Based on this question, I am trying to implement differential learning rates as follows:
var_list1 = [variables from first 5 layers]
var_list2 = [the rest of variables]
#Create Two Separate Optimizers
opt1 = tf.train.AdamOptimizer(0.00001)
opt2 = tf.train.AdamOptimizer(0.0001)
# Compute Gradients for eacch set of variables
grads1, variables1 = zip(*opt1.compute_gradients(loss, var_list1))
grads2, variables2 = zip(*opt2.compute_gradients(loss, var_list2))
# Apply Gradients
train_op1 = opt1.apply_gradients(zip(grads1, variables1))
train_op2 = opt2.apply_gradients(zip(grads2, variables2), global_step=global_step)
train_op = tf.group(train_op1, train_op2)
I am unsure if global_step
should be included in each apply_gradients
call or if it should only be included in 1? My understanding is that when apply_gradients is called, global_step
is incremented by 1 if it is supplied (code here). Based on this, I believe that I should only include global_step
in one of my apply_gradients()
calls. Can anybody confirm that this is the correct approach?
The alternative to what I have above would be to do the following:
train_op1 = opt1.apply_gradients(zip(grads1, variables1), global_step=global_step)
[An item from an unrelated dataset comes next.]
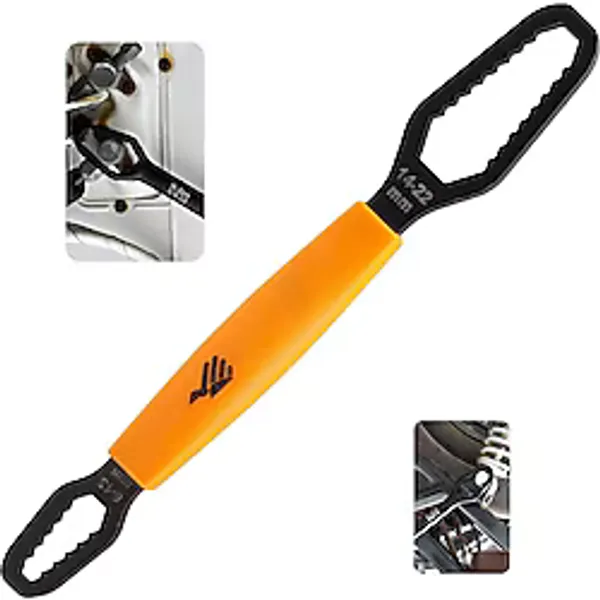 Çift Ağızlı Evrensel Kendinden Sıkma Çok Amaçlı Anahtar Çelik İngiliz Torx Cırcır Anahtarı 6-13 / 14-22 mm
train_op2 = opt2.apply_gradients(zip(grads2, variables2), global_step=global_step)
While technically each call to apply_gradients
is a step, my understanding is that global_step should represent the number of mini-batches that have been completed so if I were to reference it in both apply_gradients()
calls then the global step would increase twice per mini-batch. So, based onthis I believe the more accurate implementation would be the first implementation where it is called once. Would others agree this is the correct implementation? Does it matter which apply_gradients()
the global_step is included in?